> **Provided information**:
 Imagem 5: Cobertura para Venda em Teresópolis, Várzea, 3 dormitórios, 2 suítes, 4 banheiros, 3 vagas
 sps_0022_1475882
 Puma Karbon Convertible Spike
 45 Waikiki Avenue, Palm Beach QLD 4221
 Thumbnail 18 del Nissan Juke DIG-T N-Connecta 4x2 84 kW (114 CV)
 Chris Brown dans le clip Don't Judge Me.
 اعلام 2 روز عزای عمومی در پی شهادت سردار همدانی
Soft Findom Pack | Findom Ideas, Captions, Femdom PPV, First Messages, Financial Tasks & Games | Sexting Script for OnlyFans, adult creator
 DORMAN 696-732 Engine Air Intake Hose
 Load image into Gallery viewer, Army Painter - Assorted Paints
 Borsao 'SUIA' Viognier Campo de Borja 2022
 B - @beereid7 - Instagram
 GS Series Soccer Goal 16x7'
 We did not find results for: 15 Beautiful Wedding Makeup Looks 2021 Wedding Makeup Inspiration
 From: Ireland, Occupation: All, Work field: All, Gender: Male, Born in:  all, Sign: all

* * *

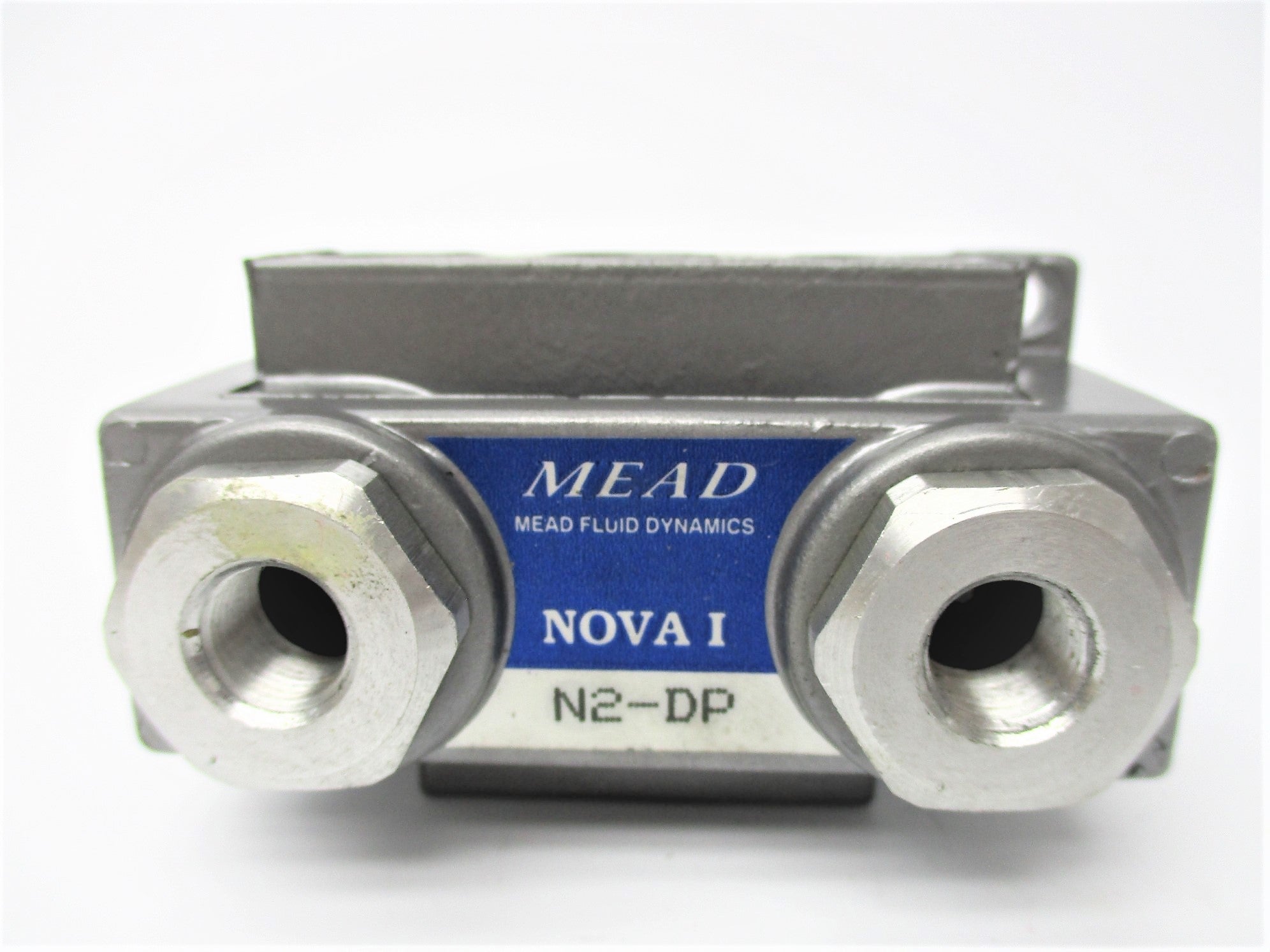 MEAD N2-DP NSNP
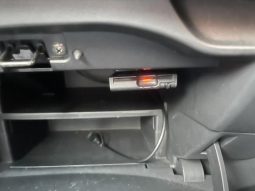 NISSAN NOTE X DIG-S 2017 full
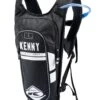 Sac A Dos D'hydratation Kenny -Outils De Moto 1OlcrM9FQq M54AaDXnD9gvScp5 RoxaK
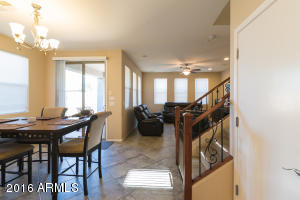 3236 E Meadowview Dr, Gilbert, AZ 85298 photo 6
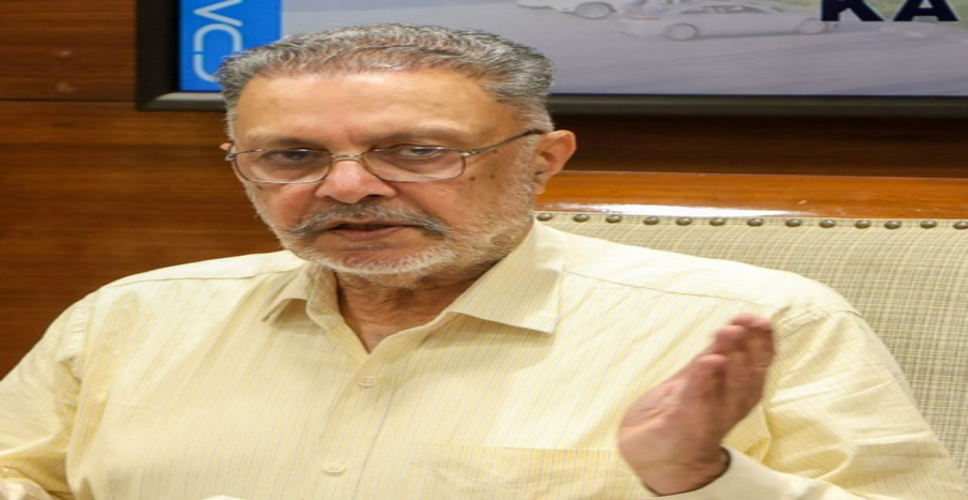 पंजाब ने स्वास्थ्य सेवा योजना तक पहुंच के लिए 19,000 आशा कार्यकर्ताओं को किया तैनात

> **What this task involves**: Please give an exact copy of the entries above, from the line with "Imagem 5: Cobertura" down to the line with "From: Ireland, Occupation: All, Work", inclusive, and nothing else.

> **Written solution**:
 Imagem 5: Cobertura para Venda em Teresópolis, Várzea, 3 dormitórios, 2 suítes, 4 banheiros, 3 vagas
 sps_0022_1475882
 Puma Karbon Convertible Spike
 45 Waikiki Avenue, Palm Beach QLD 4221
 Thumbnail 18 del Nissan Juke DIG-T N-Connecta 4x2 84 kW (114 CV)
 Chris Brown dans le clip Don't Judge Me.
 اعلام 2 روز عزای عمومی در پی شهادت سردار همدانی
Soft Findom Pack | Findom Ideas, Captions, Femdom PPV, First Messages, Financial Tasks & Games | Sexting Script for OnlyFans, adult creator
 DORMAN 696-732 Engine Air Intake Hose
 Load image into Gallery viewer, Army Painter - Assorted Paints
 Borsao 'SUIA' Viognier Campo de Borja 2022
 B - @beereid7 - Instagram
 GS Series Soccer Goal 16x7'
 We did not find results for: 15 Beautiful Wedding Makeup Looks 2021 Wedding Makeup Inspiration
 From: Ireland, Occupation: All, Work field: All, Gender: Male, Born in:  all, Sign: all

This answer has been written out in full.